What is a sacrifice?  I posed that question to my family, and here is the response.
“Doing something you don’t want to do so that someone else benefits.”
“Denying yourself something so someone else can have something.”
 “Thinking of another person and going out of your ordinary way to make a change.”
“Giving up your wants or needs for someone else’s.”
“A sacrifice looks like how you choose to spend your time, your money, and your things.”

I took a moment to reflect on the sacrifices I have made as a mother and a wife over the past few years.  I have sacrificed nights out with my husband to stay home with sick kids, watched Sponge Bob instead of Ellen, made breakfast instead of sleeping in, read books to kids instead of taking a hot bath and reading a novel, drove kids around to activities instead of resting on the couch with the stomach flu, and sacrificed time as a couple by working opposite shifts to avoid day care.

But these sacrifices are so minuscule compared to that of my ancestors. 
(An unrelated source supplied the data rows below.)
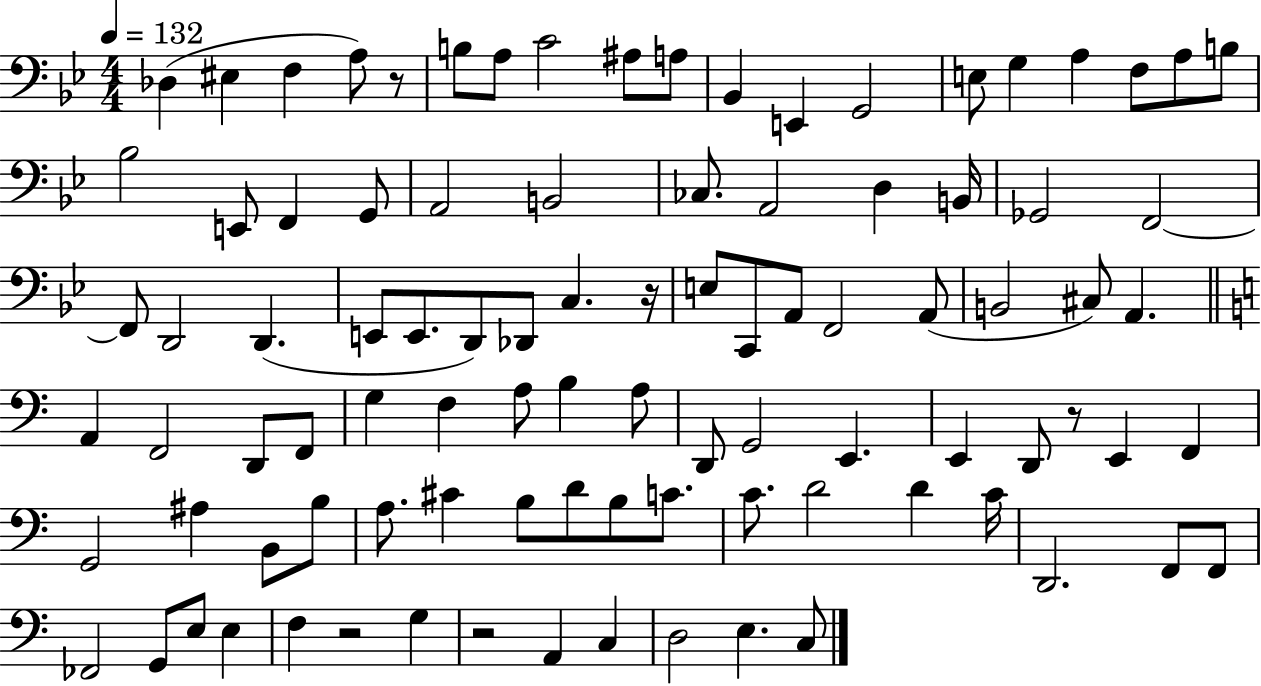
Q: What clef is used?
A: bass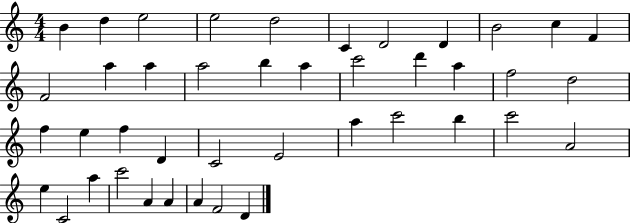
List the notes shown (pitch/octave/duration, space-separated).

B4/q D5/q E5/h E5/h D5/h C4/q D4/h D4/q B4/h C5/q F4/q F4/h A5/q A5/q A5/h B5/q A5/q C6/h D6/q A5/q F5/h D5/h F5/q E5/q F5/q D4/q C4/h E4/h A5/q C6/h B5/q C6/h A4/h E5/q C4/h A5/q C6/h A4/q A4/q A4/q F4/h D4/q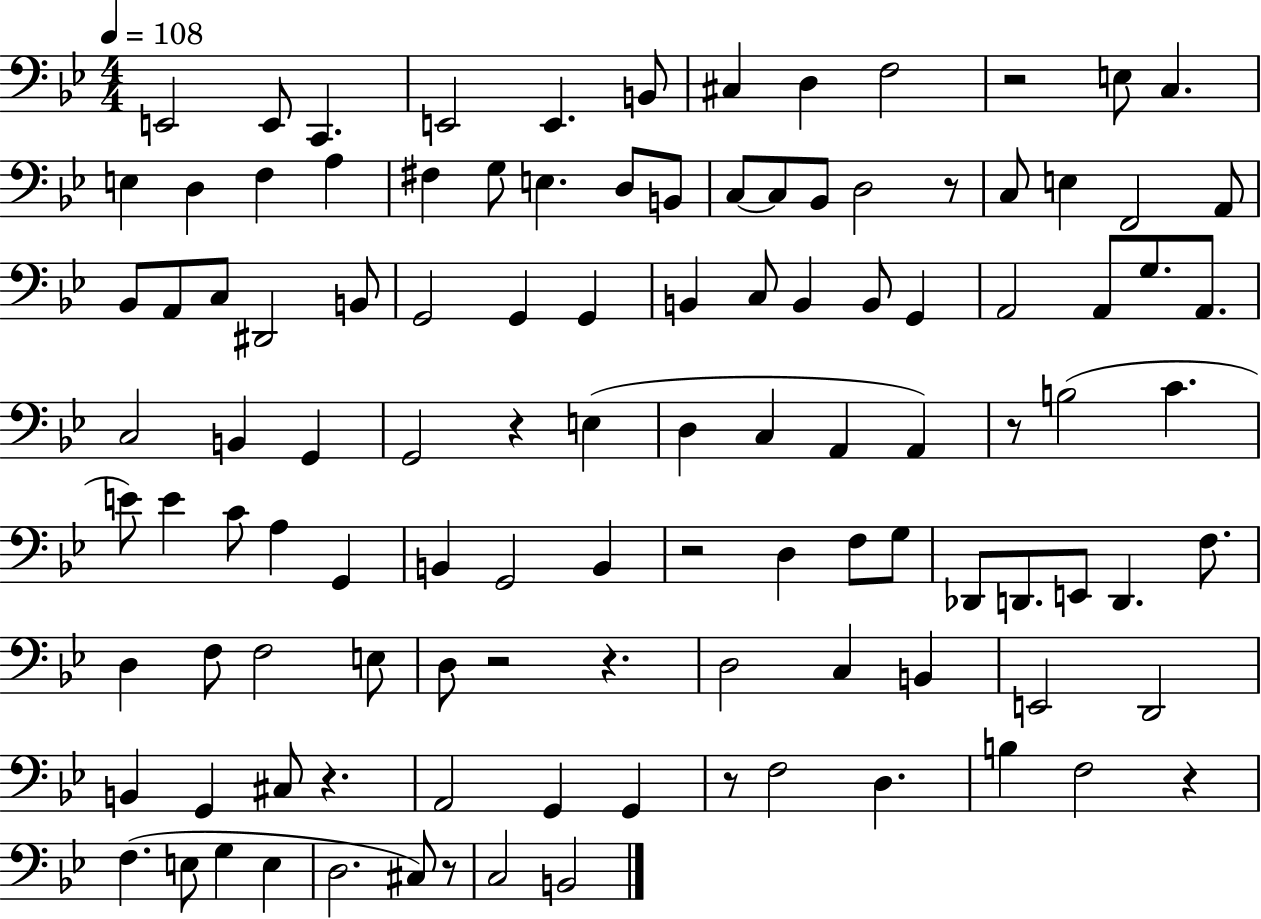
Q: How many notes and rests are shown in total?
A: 111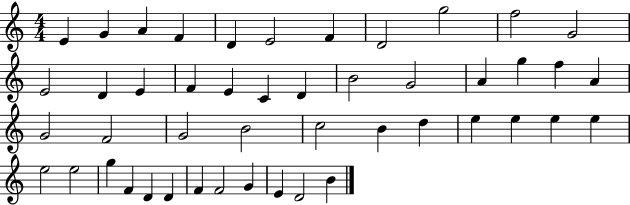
X:1
T:Untitled
M:4/4
L:1/4
K:C
E G A F D E2 F D2 g2 f2 G2 E2 D E F E C D B2 G2 A g f A G2 F2 G2 B2 c2 B d e e e e e2 e2 g F D D F F2 G E D2 B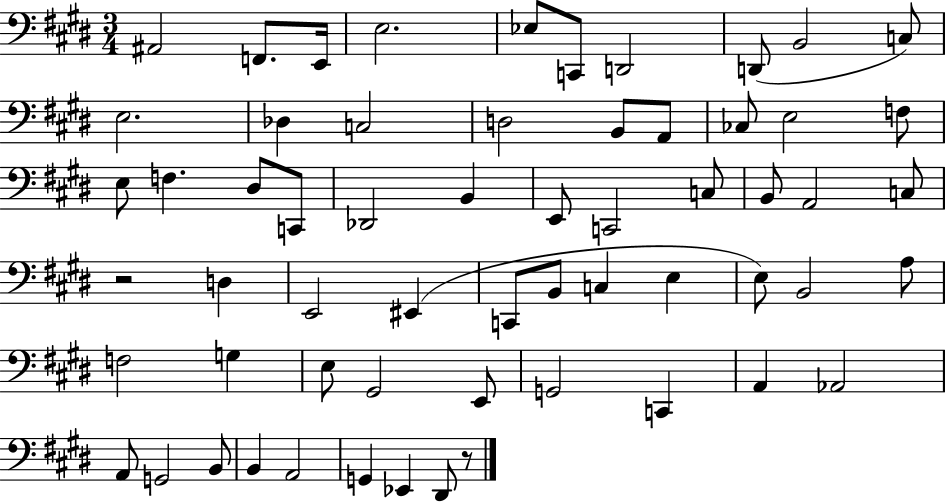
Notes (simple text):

A#2/h F2/e. E2/s E3/h. Eb3/e C2/e D2/h D2/e B2/h C3/e E3/h. Db3/q C3/h D3/h B2/e A2/e CES3/e E3/h F3/e E3/e F3/q. D#3/e C2/e Db2/h B2/q E2/e C2/h C3/e B2/e A2/h C3/e R/h D3/q E2/h EIS2/q C2/e B2/e C3/q E3/q E3/e B2/h A3/e F3/h G3/q E3/e G#2/h E2/e G2/h C2/q A2/q Ab2/h A2/e G2/h B2/e B2/q A2/h G2/q Eb2/q D#2/e R/e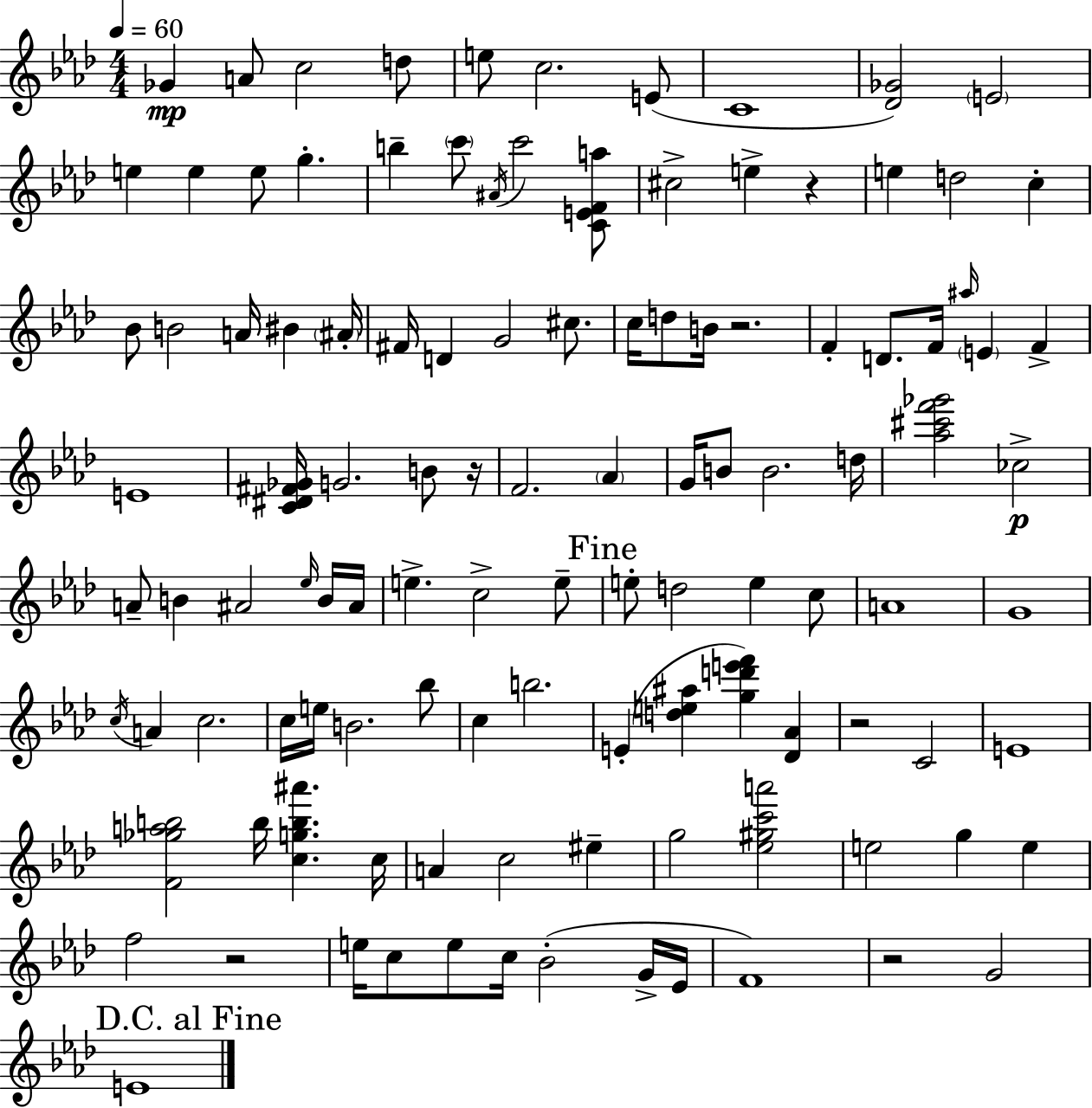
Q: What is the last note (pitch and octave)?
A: E4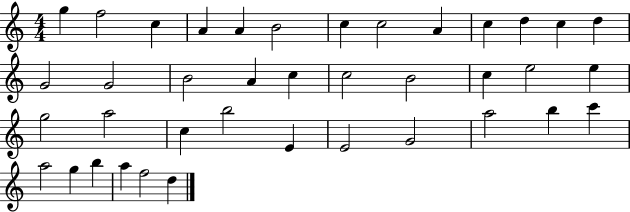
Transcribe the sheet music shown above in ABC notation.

X:1
T:Untitled
M:4/4
L:1/4
K:C
g f2 c A A B2 c c2 A c d c d G2 G2 B2 A c c2 B2 c e2 e g2 a2 c b2 E E2 G2 a2 b c' a2 g b a f2 d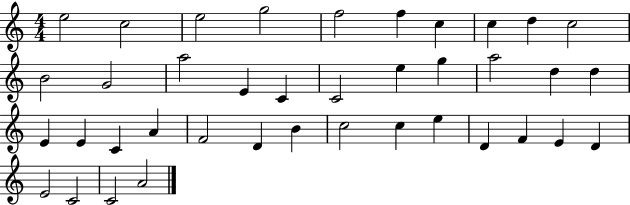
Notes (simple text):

E5/h C5/h E5/h G5/h F5/h F5/q C5/q C5/q D5/q C5/h B4/h G4/h A5/h E4/q C4/q C4/h E5/q G5/q A5/h D5/q D5/q E4/q E4/q C4/q A4/q F4/h D4/q B4/q C5/h C5/q E5/q D4/q F4/q E4/q D4/q E4/h C4/h C4/h A4/h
You see my grandpa, Alfons, was the youngest of eleven children. His father and two of his brothers were killed in World War I. After the war, life was deplorable in Germany. There was no work, no money, and no food. The situation was desperate.  The only solution families had was to send young adults off to America in hopes they could earn money and send it back to their families in Germany.

So, at 19 years of age, my grandpa left Germany with his 2nd grade education and arrived in Kansas in 1925 to find work as a hired hand on a farm, only to find himself four years later in yet another depression here in America.  His living conditions were horrible.  He lived in an unheated barn, kept his hands warm in the oats in the winter, and was taunted for speaking German.  During the hot summer days, he would stack bales of hay in the barn. It was hard manual labor, often working until his hands bled.  The farmer’s sons made life even worse for him. Unbeknownst to him, as he would stack bales of hay in the barn, they would throw them out through the back of the barn.  The farmer was upset with him, yet he took the punishment so he could keep his job and send his family in Germany some of his meager earnings.

When I think of the sacrifice my grandpa made, I am humbled.  When I think of the sacrifice his mother made to send her son off on a boat to a foreign land, I am at a loss for words.  The ache for a son who is alive but unreachable must be like seeing a nice cool swimming pool on a hot summer day but not being able to jump in. How difficult it must have been to wake up everyday knowing that your son is alive, struggling, alone, and suffering great hardships in America. What a sacrifice his mother made when she sent him to America and what a cup of suffering it must have been for her every day of her life. Living in poverty, Grandpa was unable to save money to purchase land, let alone a passage to get back to Germany.  Little did he know that when he left his homeland, he would never see his mother alive again.

Would I be able to make that kind of a sacrifice?